Another form of fishing I agree but def not surf fishing.. I belong to the Cape Hatteras Anglers Club and no fish I catch from the yak will count in their member touny..Or assisted by a yak ie: paddled bait.. Which is rightfuly so the yak gives ya an unfair advantage to attack a school of fish far from the shore.. I agree its awesome fishing from the yak but surf fishing it is not.. JMHO.. JAM


----------



## Fishing_Feud (Nov 16, 2004)

*If*

your feet are in the "sand" when you hook and catch a fish from the "sand" or " surf" its surf fishing to me. just my 02 zents. i cant cast far anyway


----------



## shaggy (Jun 18, 2003)

Okay, my two cents worth. Me figure it to be at best a hybrid version of surf fishing. Figure if it was the "true intent" of surf fishing, well then, all the surf fishing tournies would allow an entrant to yak out bait, which to the best of my knowledge, is not the case. Productive yes, and if a crowded beach, and need to settle on a less than good prospective fishing spot, well gives you a better catching chance, so, true surf fishing in the "old fashioned" sense, no, but time and place for its use, without a doubt, it has a place.

Have Jeep will travel


----------



## Lipyourown (May 11, 2005)

I got no problem with yaking baits out, but it is kinda like Bonds if you are gonna call it surf fishing*


----------



## FishinAddiction (May 9, 2006)

Lipyourown said:


> I got no problem with yaking baits out, but it is kinda like Bonds if you are gonna call it surf fishing*




LMAO!!!


----------



## baitslingin (Jul 31, 2005)

who cares?????? just catch dem damn fish....................................by any means nessesary


thinkin about using a small cesna or a gyrocopter this weekend to get my baits to the gulf stream


----------



## CrawFish (Sep 23, 2003)

*anyway you'd call it*

It's fishing.

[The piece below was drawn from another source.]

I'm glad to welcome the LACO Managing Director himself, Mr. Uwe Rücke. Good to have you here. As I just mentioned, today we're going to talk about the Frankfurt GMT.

Just leave it as that. If you don't like the ways other people do it, do it your way.


----------



## FishinAddiction (May 9, 2006)

oh i never said i didnt like it....just thought it was interesting


----------



## big brother (May 15, 2002)

when i go to the baseball fields across from my house in asheville and throw from the lower field over the tree line to the upper field, in my mind, i am surf fishing for the elusive "grass drum". thus far they have evaded me, but one of these days.
charlie


----------



## mlbowman1 (May 19, 2006)

*Kite's*

I've actually seen someone rig a kite on a western wind to get their line out. I think they had one of those release swiveles and yanked on the line from the kite to make it drop. It was quite creative.


----------



## Drumdum (Jan 6, 2003)

JAM said:


> Another form of fishing I agree but def not surf fishing.. I belong to the Cape Hatteras Anglers Club and no fish I catch from the yak will count in their member touny..Or assisted by a yak ie: paddled bait.. Which is rightfuly so the yak gives ya an unfair advantage to attack a school of fish far from the shore.. I agree its awesome fishing from the yak but surf fishing it is not.. JMHO.. JAM


 In the "purist sense",yes I would agree,Jam.. But we ain't feeshin tourneys,we be stuck on the beach with the wind a howlin outta da ne,and just so happens ya can yak out a bait in the hook.. Let's just call it the "oportunistic" way of surf fishin...


----------



## sand flea (Oct 24, 1999)

If your feet are in the sand and you're fighting the fish with the aid of a boat, I call that surf fishing.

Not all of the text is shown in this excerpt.